Even if you are confident in all areas of construction, you may not be interested in or be available for some jobs. If you have someone you can refer your client to, you can save them ruffled feathers and build a respectful referral network between you and other companies. This was one of the strategic ways of cutting costs in your business.
- Be picky about your employees. While some managers want to be the head dog, smart business owners know to hire people who know more than they do. Instead of being intimidated by these knowledgeable employees, they use their intellect and skill to help them juggle work, knowing that they don’t have to micromanage every step of the process.
Instead of doing the work yourself, let your talented employees take over while you spend more time growing your business and doing the inside stuff.
- Don’t get in over your head financially. Construction business is a tough business to start because a lot of your work will require upfront overhead before your client pays their full invoice. Be careful how much you bid and write estimates for in each job. If it looks like it could get tricky with multiple unexpected expenses cropping up, it is probably not worth the stress.
Some new construction businesses want to take whatever work they can get, but if it ends up costing you more in labor and supplies than you are going to ultimately get paid, it is not worth it.
- Budget, budget, budget. As an astute construction business owner, you must create a budget that includes all of your overhead, your past due and current invoices, and your bills.
Pay close attention to how much money is going out and how much you are projected to be receiving. You may have to do some smart business tweaking for a little while until your finances are more balanced. Raising rates, cutting expenses, and increasing your marketing focus are common ways to handle a possible upcoming red month.
- Find your niche. You are likely not the only construction business in your area, but you probably have something no one else offers. Consider what your niche is and focus on marketing that particular skill.
Maybe you have excellent customer service and ratings with the Better Business Bureau. Maybe you are the only construction business nearby that also does interior design.
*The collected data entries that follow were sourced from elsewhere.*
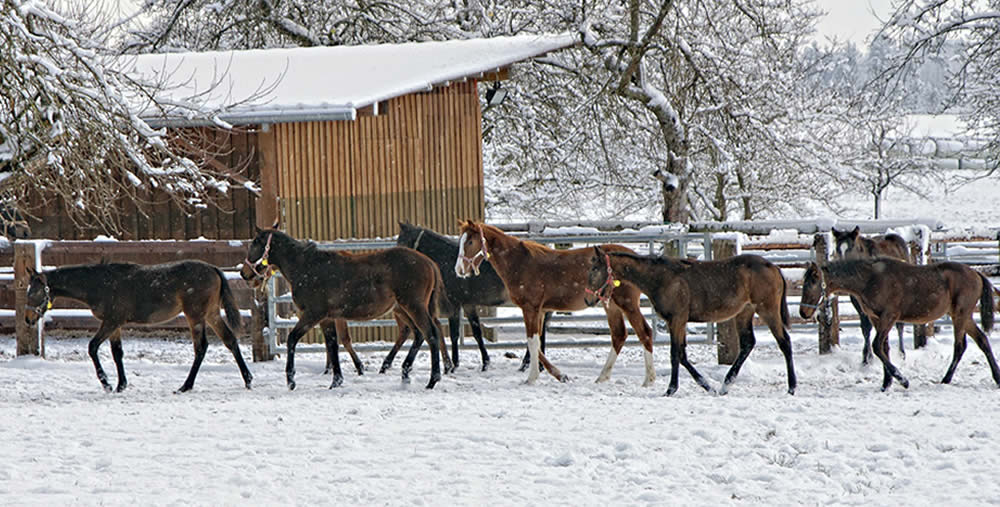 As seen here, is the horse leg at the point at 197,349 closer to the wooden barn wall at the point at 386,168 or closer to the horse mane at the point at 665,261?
the horse mane at the point at 665,261

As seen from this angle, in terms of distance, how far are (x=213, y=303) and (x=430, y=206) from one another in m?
6.36

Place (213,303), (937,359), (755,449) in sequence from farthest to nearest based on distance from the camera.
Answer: (937,359) → (213,303) → (755,449)

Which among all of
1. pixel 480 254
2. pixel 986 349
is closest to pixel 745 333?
pixel 986 349

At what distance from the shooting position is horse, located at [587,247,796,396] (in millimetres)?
9938

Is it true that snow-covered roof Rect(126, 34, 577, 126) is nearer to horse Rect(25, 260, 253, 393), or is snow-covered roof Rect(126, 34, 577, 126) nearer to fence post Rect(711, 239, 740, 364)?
horse Rect(25, 260, 253, 393)

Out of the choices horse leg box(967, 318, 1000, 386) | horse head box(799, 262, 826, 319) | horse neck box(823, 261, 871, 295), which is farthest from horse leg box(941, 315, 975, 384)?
horse head box(799, 262, 826, 319)

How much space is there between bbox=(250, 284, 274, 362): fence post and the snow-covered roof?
213cm

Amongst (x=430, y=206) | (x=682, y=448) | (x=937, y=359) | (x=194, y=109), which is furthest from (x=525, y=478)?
(x=430, y=206)

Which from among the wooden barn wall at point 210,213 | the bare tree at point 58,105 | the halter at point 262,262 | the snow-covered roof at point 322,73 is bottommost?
the halter at point 262,262

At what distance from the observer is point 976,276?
10.2 m

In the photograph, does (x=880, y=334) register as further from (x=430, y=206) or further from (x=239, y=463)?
(x=430, y=206)

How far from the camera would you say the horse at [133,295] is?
33.6ft

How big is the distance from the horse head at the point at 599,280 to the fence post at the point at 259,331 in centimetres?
430

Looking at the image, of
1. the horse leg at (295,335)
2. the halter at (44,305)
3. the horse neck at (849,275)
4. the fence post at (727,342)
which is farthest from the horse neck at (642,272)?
the halter at (44,305) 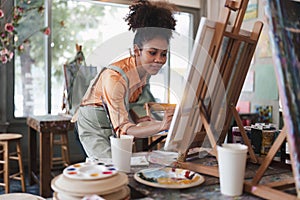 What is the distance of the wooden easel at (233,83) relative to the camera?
0.98 metres

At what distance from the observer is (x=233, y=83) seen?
1.24m

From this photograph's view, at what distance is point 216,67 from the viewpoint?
3.72 feet

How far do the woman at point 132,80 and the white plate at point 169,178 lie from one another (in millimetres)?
248

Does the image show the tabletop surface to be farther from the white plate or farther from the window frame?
the window frame

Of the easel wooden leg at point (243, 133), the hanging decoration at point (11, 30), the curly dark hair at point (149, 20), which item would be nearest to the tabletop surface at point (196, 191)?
the easel wooden leg at point (243, 133)

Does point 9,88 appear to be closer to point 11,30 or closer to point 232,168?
point 11,30

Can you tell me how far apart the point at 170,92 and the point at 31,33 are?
3.27 meters

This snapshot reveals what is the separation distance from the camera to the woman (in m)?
1.38

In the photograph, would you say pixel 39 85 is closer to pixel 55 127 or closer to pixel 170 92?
pixel 55 127

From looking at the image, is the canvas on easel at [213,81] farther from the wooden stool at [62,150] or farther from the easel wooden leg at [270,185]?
the wooden stool at [62,150]

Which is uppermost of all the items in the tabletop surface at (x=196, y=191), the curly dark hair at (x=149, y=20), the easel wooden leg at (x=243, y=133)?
the curly dark hair at (x=149, y=20)

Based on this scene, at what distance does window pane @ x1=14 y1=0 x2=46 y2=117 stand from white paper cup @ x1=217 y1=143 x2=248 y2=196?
3661mm

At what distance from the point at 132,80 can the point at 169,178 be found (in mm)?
541

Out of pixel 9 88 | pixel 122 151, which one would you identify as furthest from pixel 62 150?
pixel 122 151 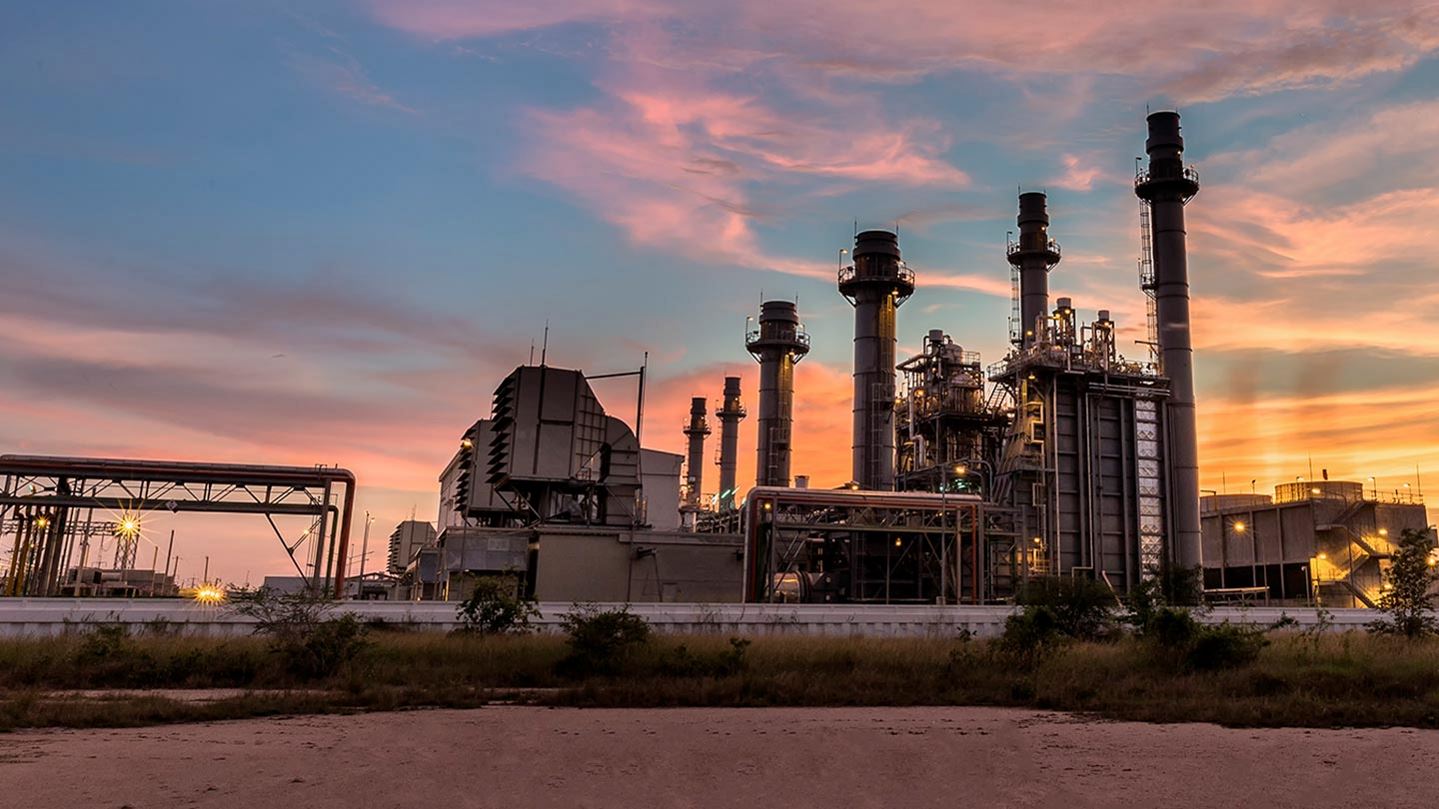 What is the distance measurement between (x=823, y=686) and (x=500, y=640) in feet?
27.2

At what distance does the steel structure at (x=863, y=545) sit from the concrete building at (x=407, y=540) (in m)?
39.5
Whatever your specialty is, be sure that everyone who knows your name associates it with the niche you are pushing. You can check out how to find a profitable business niche.
Start, Grow, and Maintain Your Construction Business
Even once your business is off the ground and you feel confident that you are out of the beginning concern of failing colossally, you still need to keep the initial passion you felt when you first started. Complacency has killed more than one business as owners decide they do not have to put as much attention into their employees, finances, and marketing as they did in the beginning.
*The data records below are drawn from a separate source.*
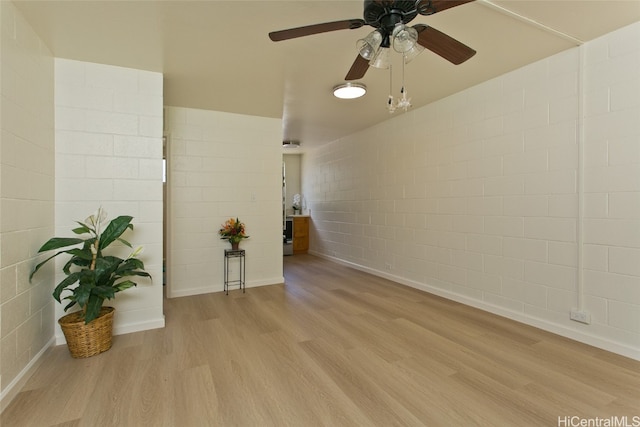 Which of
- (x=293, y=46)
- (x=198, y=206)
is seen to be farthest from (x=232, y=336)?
(x=293, y=46)

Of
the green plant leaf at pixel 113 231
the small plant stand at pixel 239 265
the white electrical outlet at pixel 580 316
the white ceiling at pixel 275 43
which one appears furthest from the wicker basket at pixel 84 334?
the white electrical outlet at pixel 580 316

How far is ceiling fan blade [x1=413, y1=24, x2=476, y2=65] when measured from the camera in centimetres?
153

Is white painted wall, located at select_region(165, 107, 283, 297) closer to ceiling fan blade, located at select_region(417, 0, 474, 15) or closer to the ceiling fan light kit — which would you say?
the ceiling fan light kit

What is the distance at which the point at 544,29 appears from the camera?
218 cm

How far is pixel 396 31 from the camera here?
4.63 feet

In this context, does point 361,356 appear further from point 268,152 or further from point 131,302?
point 268,152

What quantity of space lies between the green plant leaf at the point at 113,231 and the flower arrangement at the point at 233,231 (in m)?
1.57

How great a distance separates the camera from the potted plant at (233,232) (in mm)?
3900

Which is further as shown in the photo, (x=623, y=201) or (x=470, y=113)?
(x=470, y=113)

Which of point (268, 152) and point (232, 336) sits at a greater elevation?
point (268, 152)

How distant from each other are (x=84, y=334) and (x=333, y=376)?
1.88 m

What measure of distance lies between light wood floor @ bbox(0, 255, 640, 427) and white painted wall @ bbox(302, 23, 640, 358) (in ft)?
1.24

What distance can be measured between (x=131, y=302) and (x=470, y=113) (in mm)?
3979

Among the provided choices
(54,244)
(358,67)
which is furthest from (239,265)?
(358,67) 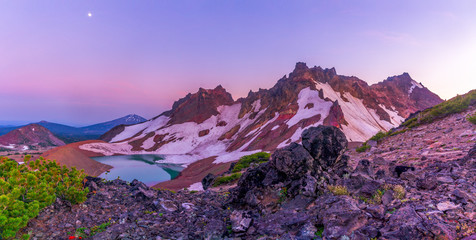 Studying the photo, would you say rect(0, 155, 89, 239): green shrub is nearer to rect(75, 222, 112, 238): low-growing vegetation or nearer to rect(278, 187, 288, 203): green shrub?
rect(75, 222, 112, 238): low-growing vegetation

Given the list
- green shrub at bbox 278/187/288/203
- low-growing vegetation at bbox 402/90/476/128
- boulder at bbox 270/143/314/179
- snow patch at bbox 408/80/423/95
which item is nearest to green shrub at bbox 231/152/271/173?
low-growing vegetation at bbox 402/90/476/128

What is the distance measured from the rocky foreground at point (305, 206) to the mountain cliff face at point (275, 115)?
162ft

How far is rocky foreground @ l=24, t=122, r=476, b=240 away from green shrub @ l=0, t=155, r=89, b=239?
85 centimetres

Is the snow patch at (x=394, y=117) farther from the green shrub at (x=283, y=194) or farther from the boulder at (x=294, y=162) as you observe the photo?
the green shrub at (x=283, y=194)

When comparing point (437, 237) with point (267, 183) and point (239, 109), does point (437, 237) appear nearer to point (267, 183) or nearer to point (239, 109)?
point (267, 183)

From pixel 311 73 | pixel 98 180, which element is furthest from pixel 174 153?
pixel 98 180

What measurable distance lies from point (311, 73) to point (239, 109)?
48463mm

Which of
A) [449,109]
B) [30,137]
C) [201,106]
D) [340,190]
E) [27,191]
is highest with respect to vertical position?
[201,106]

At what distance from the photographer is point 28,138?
145875mm

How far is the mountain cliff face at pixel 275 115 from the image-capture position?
74.9m

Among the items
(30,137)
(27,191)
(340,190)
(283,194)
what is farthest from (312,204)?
(30,137)

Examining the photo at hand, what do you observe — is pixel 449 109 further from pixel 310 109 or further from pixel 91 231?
pixel 310 109

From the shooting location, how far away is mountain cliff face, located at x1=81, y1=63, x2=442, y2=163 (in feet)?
246

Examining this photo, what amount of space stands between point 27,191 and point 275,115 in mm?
93892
Regardless of how well you plan ahead at the start, consistency is the key to a continued successful business. It’s hard work, no matter how well you do, because owning a business requires you to wear multiple hats at any given time.
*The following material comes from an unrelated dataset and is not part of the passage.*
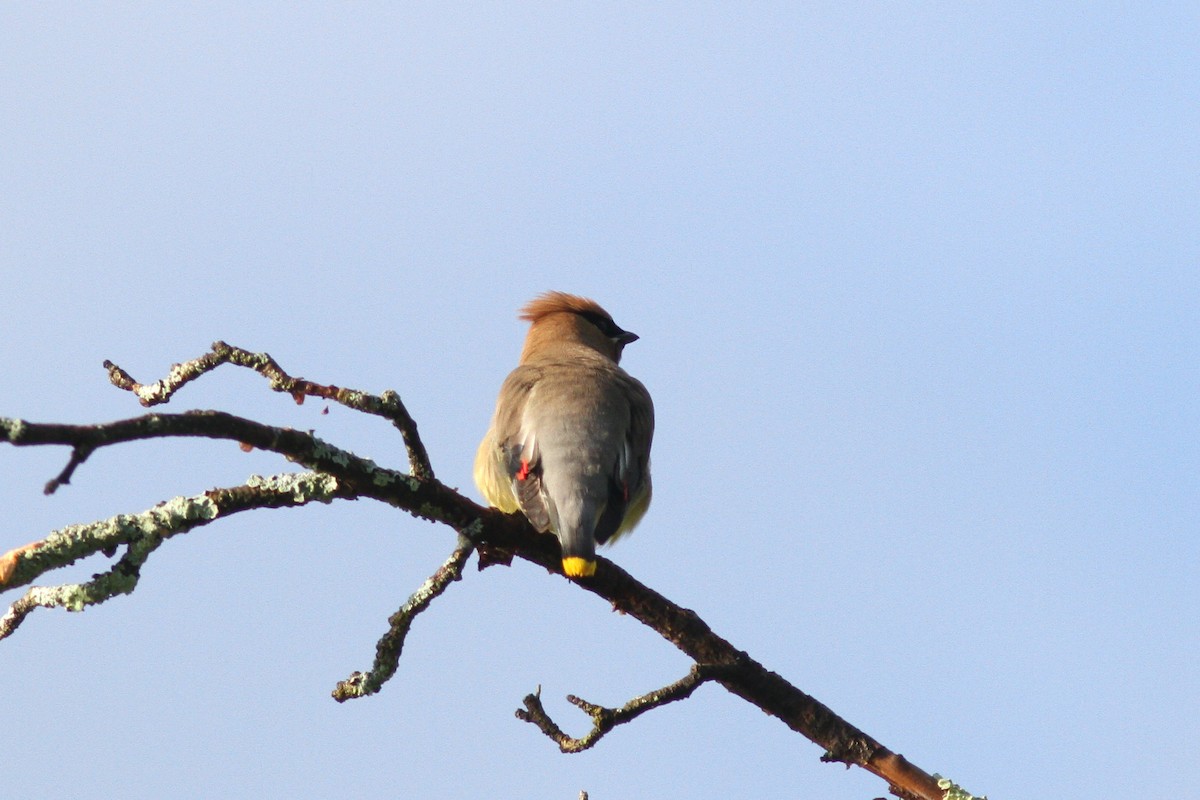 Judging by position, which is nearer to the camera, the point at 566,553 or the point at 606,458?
the point at 566,553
You must take advertising of your construction business as serious as when you first began.
Putting the time and effort into your best practices at the start, recruiting a HR team to train your staff thoroughly, following through on monitoring their efforts, and carefully and strategically planning for your finances is the smartest business plan that you can make.
Your reputation is crucial, so be sure to never take a good rating for granted. Continue to focus on these ten business steps, and, combined with your skill and talent, your construction business will grow and be successful.